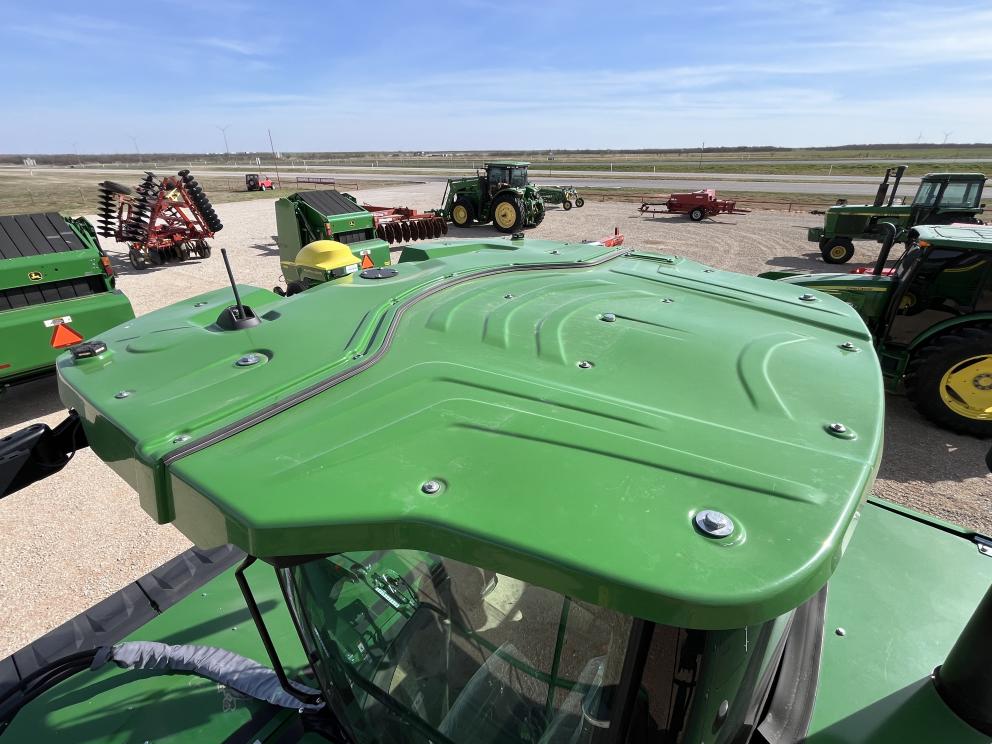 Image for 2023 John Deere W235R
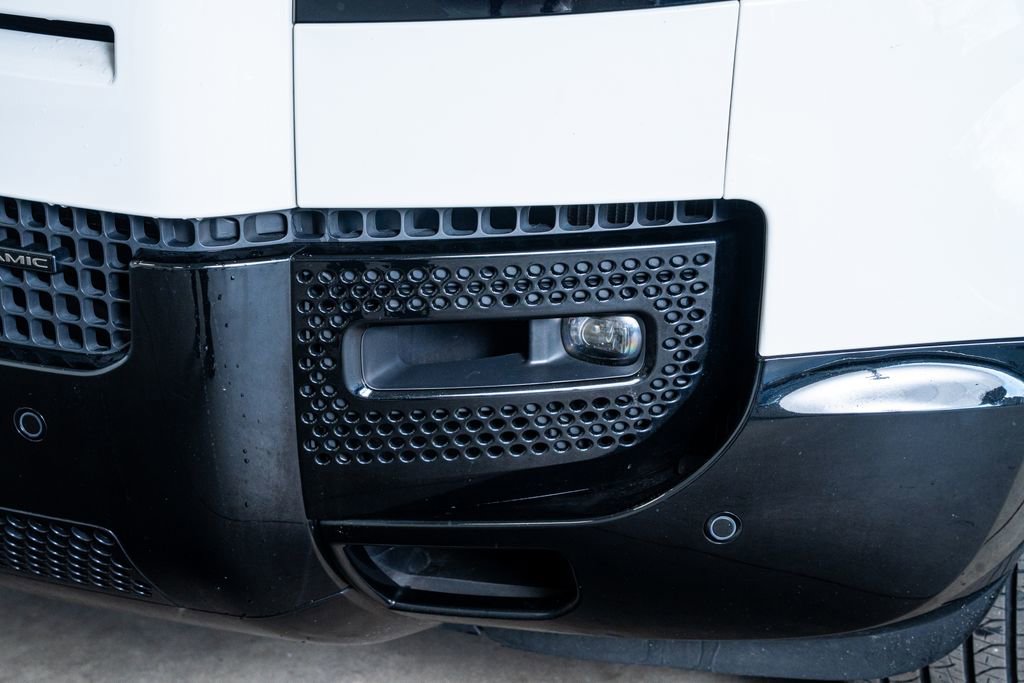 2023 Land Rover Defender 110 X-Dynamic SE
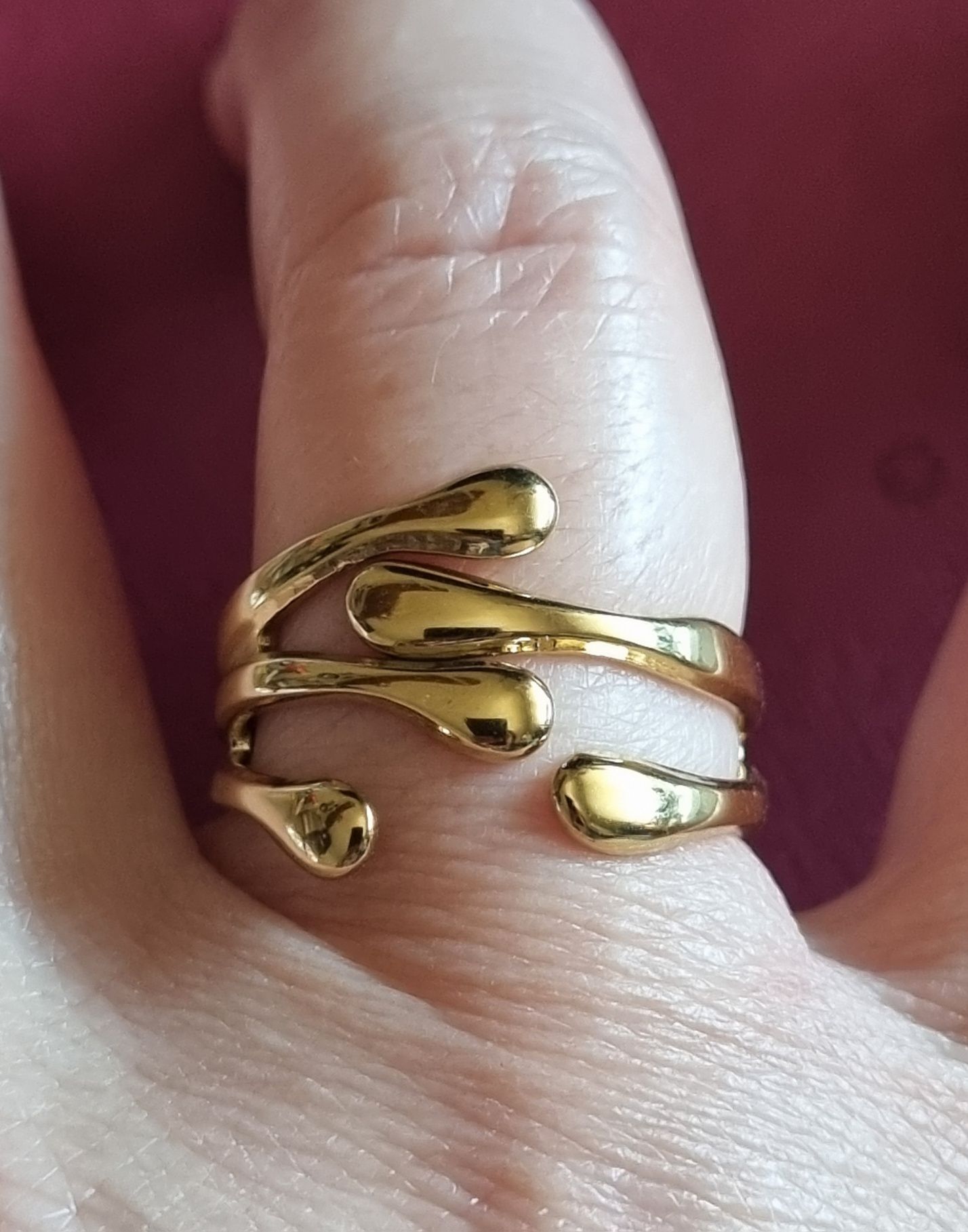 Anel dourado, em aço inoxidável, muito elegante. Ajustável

--------------------------------------------------

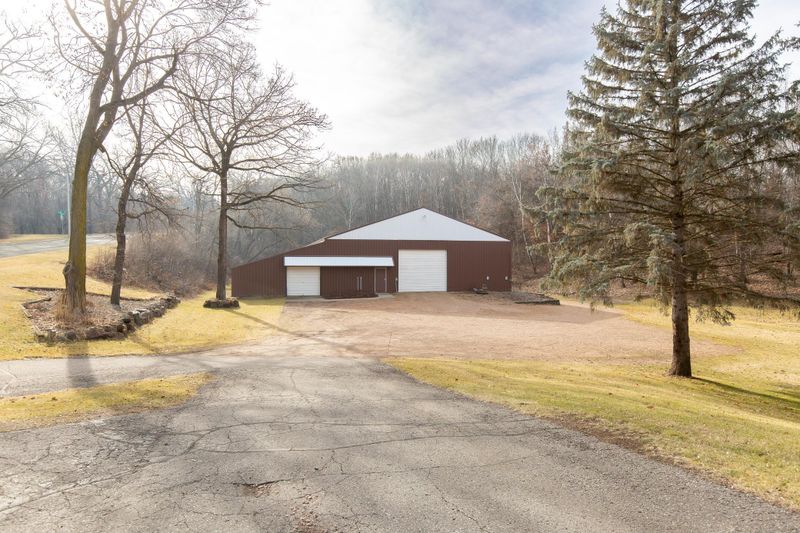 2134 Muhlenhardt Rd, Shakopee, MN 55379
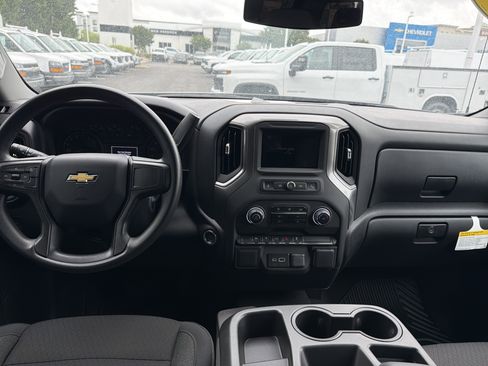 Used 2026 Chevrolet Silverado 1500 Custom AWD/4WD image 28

--------------------------------------------------

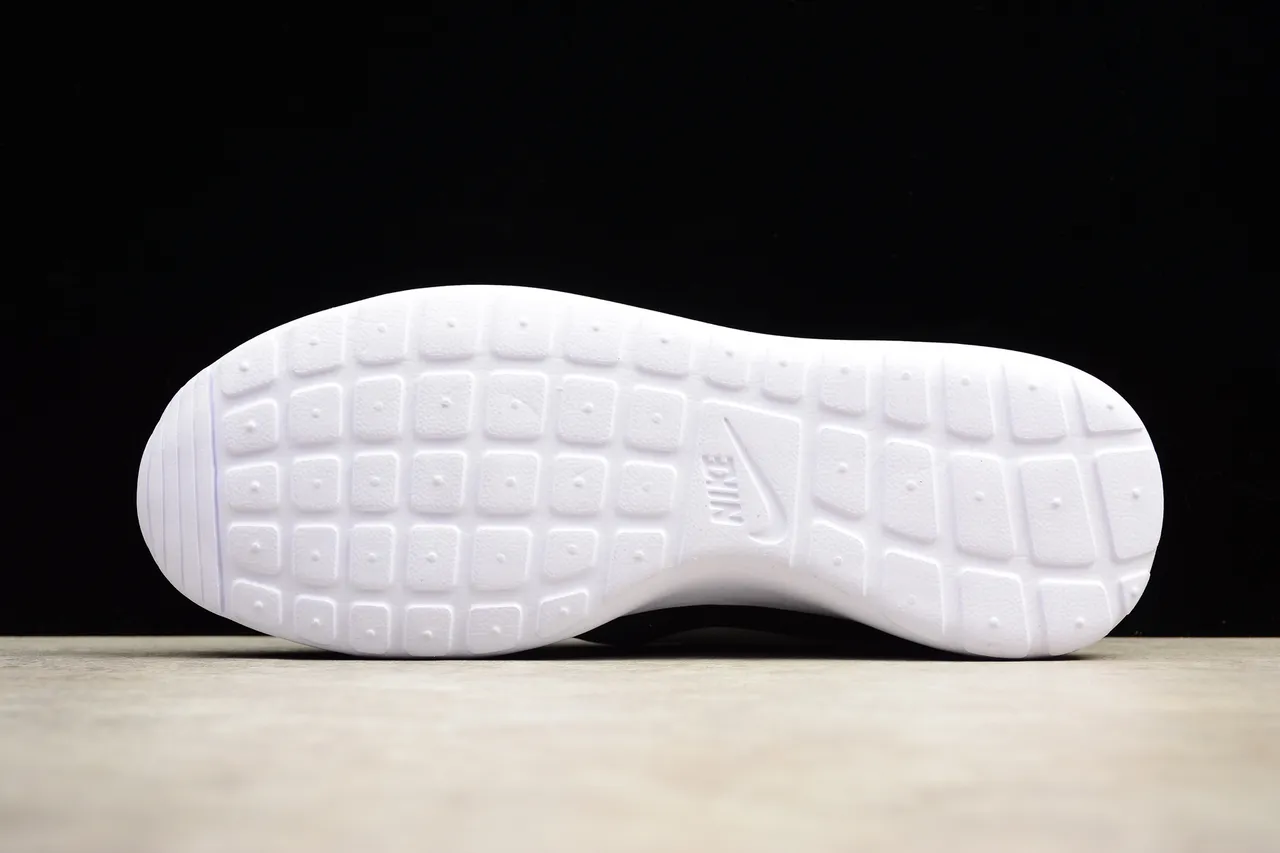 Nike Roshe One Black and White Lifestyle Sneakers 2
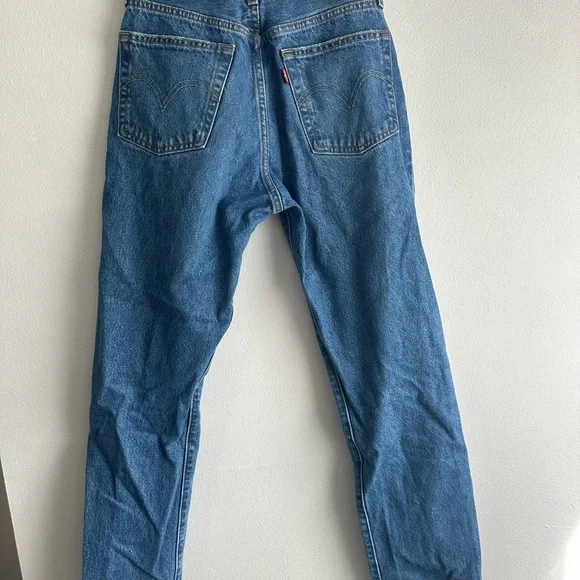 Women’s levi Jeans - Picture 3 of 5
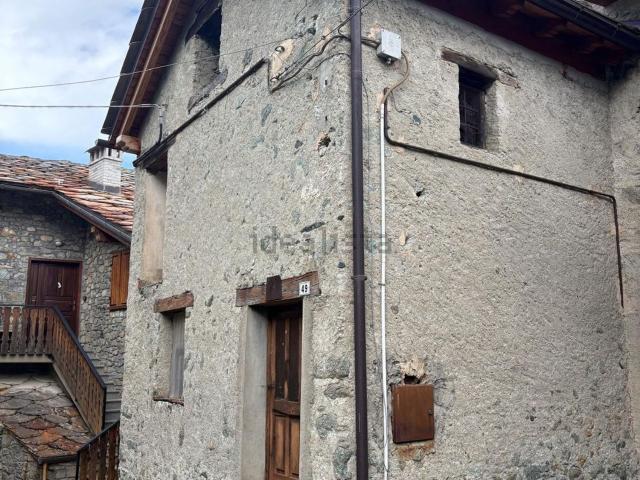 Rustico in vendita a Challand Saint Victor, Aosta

--------------------------------------------------

Task brief: From the data above, retype only the lines starting with the line with "2134 Muhlenhardt Rd, Shakopee, MN 55379" and going on through the line with "Used 2026 Chevrolet", exactly, leaving out the pictures.

Exercise answer:
 2134 Muhlenhardt Rd, Shakopee, MN 55379
 Used 2026 Chevrolet Silverado 1500 Custom AWD/4WD image 28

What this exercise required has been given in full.